1.4.6 Aggregate Cost: Choosing HashAgg vs GroupAgg

#postgres #database #internals #planner

A query like SELECT region, COUNT(*) FROM sales GROUP BY region folds many rows together, collapsing each group into a single value. This folding of many rows into one is aggregation, and COUNT, SUM, AVG are the familiar examples. PostgreSQL handles aggregation in the execution plan with one of two nodes: HashAggregate or GroupAggregate. Both do the same job, grouped aggregation, but they go about it differently, and the planner picks one or the other to nail into the plan tree for a given query. When you see HashAggregate in one EXPLAIN and GroupAggregate in another, that is the result of this choice. What decides it? How the two nodes actually run (how they accumulate state, fill the hash table, and split to disk when memory runs out) is covered in Chapter 1.5. This section looks at the step before that: how the planner compares their costs and picks one.

The two strategies have the same total; they differ at startup

The function that computes aggregate cost is cost_agg. Look inside it and one surprising fact shows up: the sort-based strategy (GroupAggregate) and the hash-based one (HashAggregate) have the same total cost. A source comment states it plainly.

in this cost model, AGG_SORTED and AGG_HASHED have
exactly the same total CPU cost, but AGG_SORTED has lower startup cost.

That makes sense. Both strategies pass every input row through the aggregate function exactly once and emit one result row per group. The total amount of work is the same, so the total cost is the same. So what is the planner comparing? The answer is the rest of that comment: startup cost.

As we saw earlier, in EXPLAIN's cost=A..B, the first number A is startup (the cost paid before the first result row appears) and the second number B is total (the cost through the last row). What earlier sections called "cost" and used for comparison was mostly the total, the second number. The two aggregate strategies diverge at the first number, startup.
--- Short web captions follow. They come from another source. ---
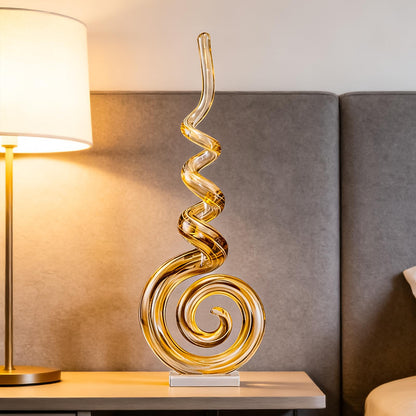 15" Tall Hand-Blown Murano-Style Glass Sculpture Statues Art Ornament Statue Figurines Home Decor Accent Piece Coastal Ocean Nautical Home Decor,Shelf,TV Stand,Tabletop Centerpieces,Wonderful Gift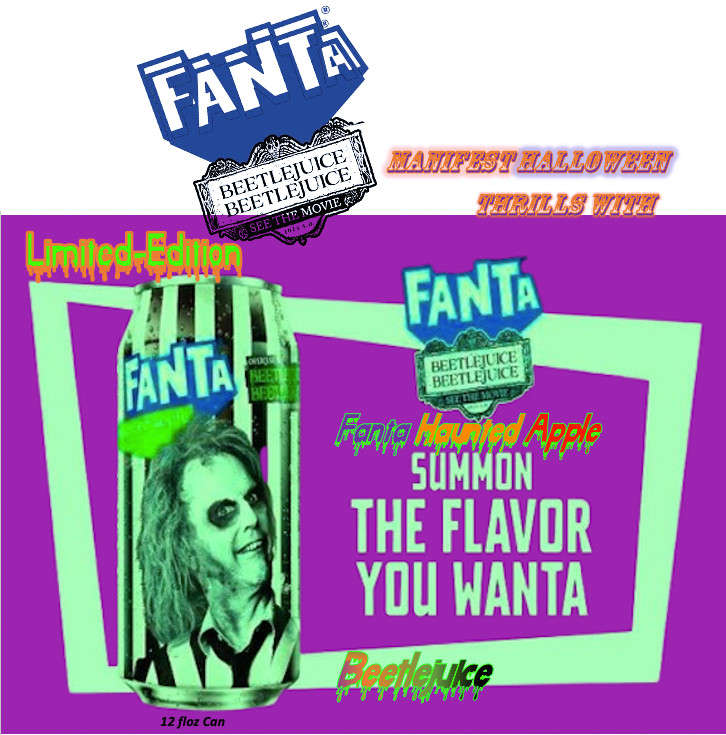 Limited-Edition Manifest BEETLEJUICE Halloween Fanta🏰Haunted🍎Apple 12oz Can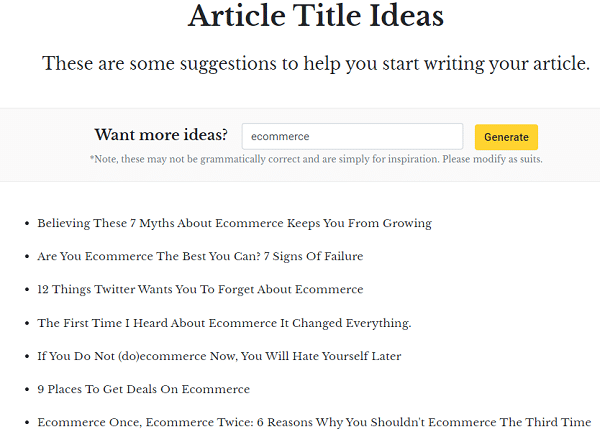ecommerce blog title ideas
GroupAggregate works on sorted input, spots where one group ends, and emits that group's result right away. The first row comes out the instant the first group closes, so the cost to the first result is small. In the cost model, GroupAggregate's startup inherits the input's startup cost almost unchanged. HashAggregate, by contrast, cannot declare any group complete until it has pulled in the entire input and finished building the hash table, so it cannot emit a single row before then. The cost model therefore loads HashAggregate's startup with the cost of reading the input to the end, that is, the input's full total cost.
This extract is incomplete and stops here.